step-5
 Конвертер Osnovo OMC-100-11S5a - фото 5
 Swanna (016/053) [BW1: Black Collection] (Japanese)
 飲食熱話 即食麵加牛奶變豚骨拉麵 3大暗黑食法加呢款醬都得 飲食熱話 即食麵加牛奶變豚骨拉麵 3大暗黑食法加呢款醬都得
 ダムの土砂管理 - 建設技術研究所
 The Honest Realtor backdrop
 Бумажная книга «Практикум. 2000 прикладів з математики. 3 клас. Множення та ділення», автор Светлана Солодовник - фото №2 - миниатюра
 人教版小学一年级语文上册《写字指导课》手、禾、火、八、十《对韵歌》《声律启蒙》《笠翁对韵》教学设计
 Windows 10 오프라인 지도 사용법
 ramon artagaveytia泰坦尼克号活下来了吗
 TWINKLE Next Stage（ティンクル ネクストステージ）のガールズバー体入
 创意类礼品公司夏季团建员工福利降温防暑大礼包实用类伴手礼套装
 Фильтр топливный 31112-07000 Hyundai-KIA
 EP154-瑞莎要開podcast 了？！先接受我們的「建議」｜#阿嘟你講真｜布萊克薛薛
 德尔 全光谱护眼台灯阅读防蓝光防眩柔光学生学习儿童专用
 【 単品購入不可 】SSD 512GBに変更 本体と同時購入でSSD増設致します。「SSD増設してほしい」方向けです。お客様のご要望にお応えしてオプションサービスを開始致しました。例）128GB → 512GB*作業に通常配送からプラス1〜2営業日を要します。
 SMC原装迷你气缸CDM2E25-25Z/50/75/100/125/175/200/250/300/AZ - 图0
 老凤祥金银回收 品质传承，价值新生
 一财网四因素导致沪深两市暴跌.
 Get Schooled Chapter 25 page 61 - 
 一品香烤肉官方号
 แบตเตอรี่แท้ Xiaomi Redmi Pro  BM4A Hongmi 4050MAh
═══
Search the data for the string "фото" and copy every line where it appears.

 Конвертер Osnovo OMC-100-11S5a - фото 5
 Бумажная книга «Практикум. 2000 прикладів з математики. 3 клас. Множення та ділення», автор Светлана Солодовник - фото №2 - миниатюра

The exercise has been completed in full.